Problem requirements:
In the data below, one line contains "New Year, New Decade 2020" and a later one contains "Чайник # 46813, ручная". Print both, with every line between them, exactly and alone.

Excerpted records:
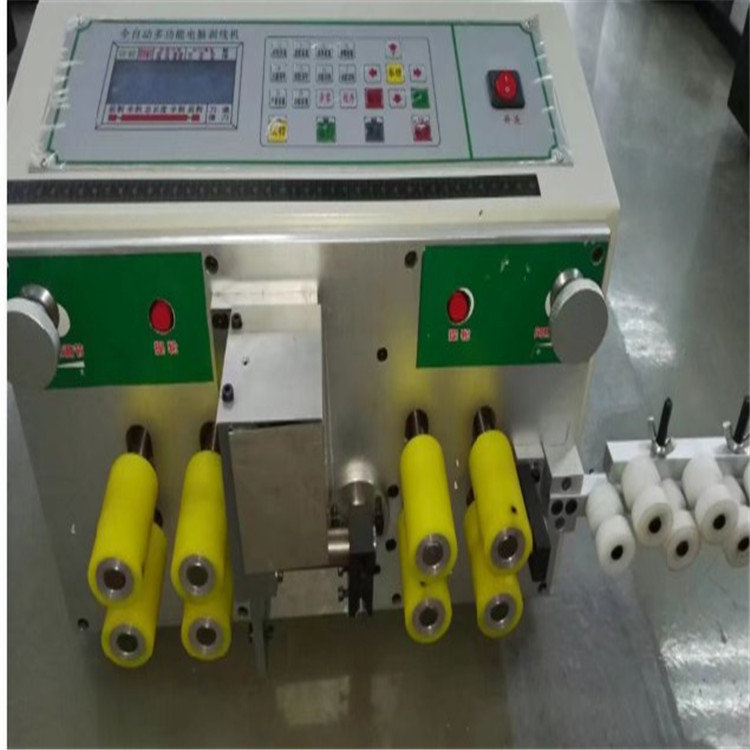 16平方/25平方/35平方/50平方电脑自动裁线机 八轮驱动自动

==

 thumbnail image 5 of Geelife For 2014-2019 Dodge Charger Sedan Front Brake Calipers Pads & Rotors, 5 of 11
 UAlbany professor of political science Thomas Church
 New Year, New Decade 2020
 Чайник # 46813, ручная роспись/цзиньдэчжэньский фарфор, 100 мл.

--

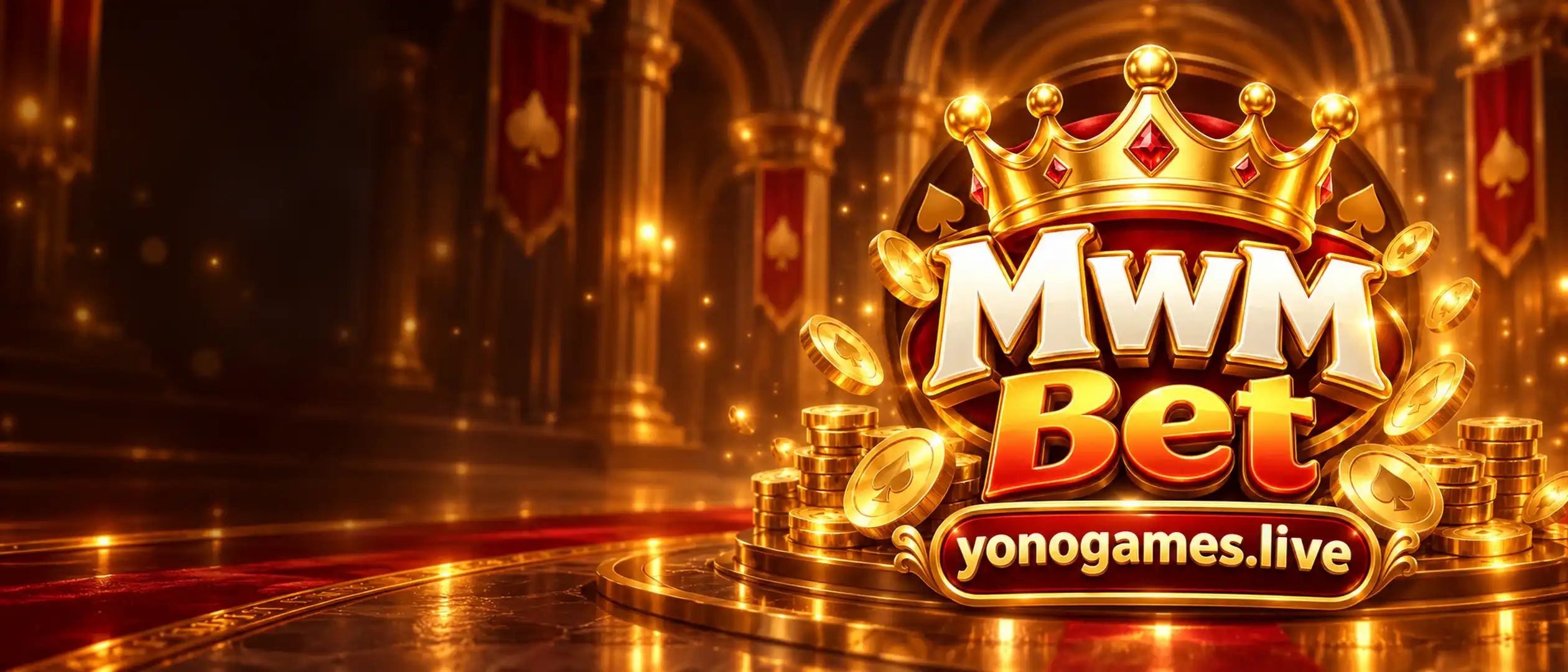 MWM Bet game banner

Completed exercise:
 New Year, New Decade 2020
 Чайник # 46813, ручная роспись/цзиньдэчжэньский фарфор, 100 мл.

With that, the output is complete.